Le réalisme socialiste soviétique : une réalité politique ?

L’art face Est #4

Alors que la question de la liberté de l’artiste est toujours aussi brûlante dans l’actuelle Russie, il est surprenant de constater le retour en grâce récent du réalisme socialiste soviétique. Que ce symbole de l’oppression des créateurs soit ainsi mis en avant pose question d’autant plus que certains, comme Matthew Bourne (critique d’art et galeriste), n’hésitent pas à en faire l’élément majeur supplantant même l’avant-garde russe au XXème siècle. Avant d’étudier cette postérité du réalisme et ses échos mondiaux, nous devons d’abord nous intéresser à sa genèse.

L’idéologie avant l’esthétique

Quand la révolution advient en 1917, c’est en effet l’avant-garde qui occupe le devant de la scène. En 1905, Lénine avait affirmé dans un article l’indépendance de l’art par rapport à l’idéologie.  Mais très vite, les choses évoluent :

« Dans la République soviétique des ouvriers et des paysans, tout l’enseignement, tant dans le domaine de l’éducation politique en général que, plus spécialement, dans celui de l’art, doit être pénétré de l’esprit de la lutte de classe du prolétariat pour la réalisation victorieuse des objectifs de sa dictature, c’est-à-dire pour le renversement de la bourgeoisie, pour l’abolition des classes, pour la suppression de toute exploitation de l’homme par l’homme. »

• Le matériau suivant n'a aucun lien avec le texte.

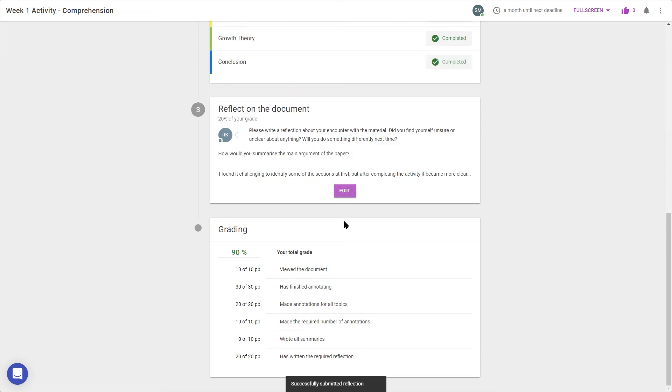After writing the reflection, it's time to move on to see my grades, if the teacher has published them. I can see my points broken down for each section, so it's clear if I'm still missing anything.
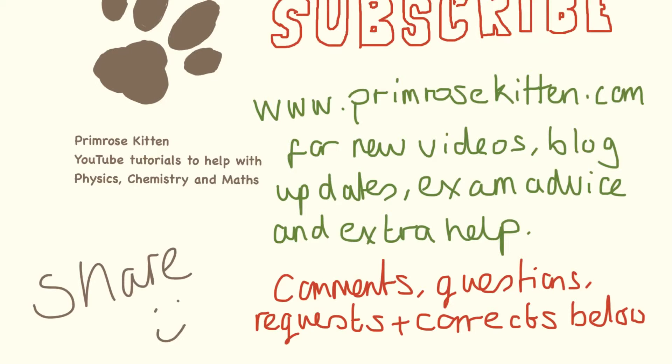Thanks for watching. Subscribe to my channel so you don't miss any new videos. Check out my website, primrosekitten.com, for any new videos, all the videos sorted by exam, the blog, and any extra advice there is. Any comments, questions, topic requests, or corrections below.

Lénine, De la culture prolétarienne, 8 octobre 1920, Œuvres, t. 31, pp. 327-328

Evdokiya Usikova, Lénine avec des paysans, 1959
Evdokiya Usikova (1913 – 1996, Ukraine), Lénine avec des paysans, 1959, huile sur toile, 133cm x 197cm.

Le réalisme socialiste n’est donc pas une esthétique mais une doctrine. S’il rejette toutes les expériences formelles au-delà du post-fauvisme (expressionnisme, cubisme, constructivisme, futurisme, minimalisme, surréalisme, etc.), il a en apparence laissé une marge esthétique aux artistes. Cependant, c’est sur la mimesis que doivent s’appuyer la plupart des artistes soviétiques officiels. Seule l’affiche de propagande conserve de manière surprenante, des caractères propres aux formes avant-gardistes, par ailleurs honnies : en 1927 Malévitch, figure de proue du suprématisme, tombe en disgrâce en URSS (voir illustration 2). La mimesis n’est plus ici la représentation de l’image de la nature dans la perfection de ses formes mais celle idéale de l’homme communiste et des temps forts de son évolution (symbolisés par le monde construit par les dirigeants du parti). C’est à une véritable réécriture de l’Histoire que nous assistons.

Affiche de propagande soviétique, 1927
Seul un parti armé d’une théorie avancée peut combattre avec succès (Only a party armed with an advanced theory can fight succesfully), affiche de propagande, 1927.

« Il n’y a pas de faits, rien que des interprétations »

La fameuse formule stalinienne est révélatrice du rapport de l’URSS à la réalité, à la vérité et au récit. C’est à partir de ce lien que veut se construire le régime et que découle l’esthétique qu’il impose.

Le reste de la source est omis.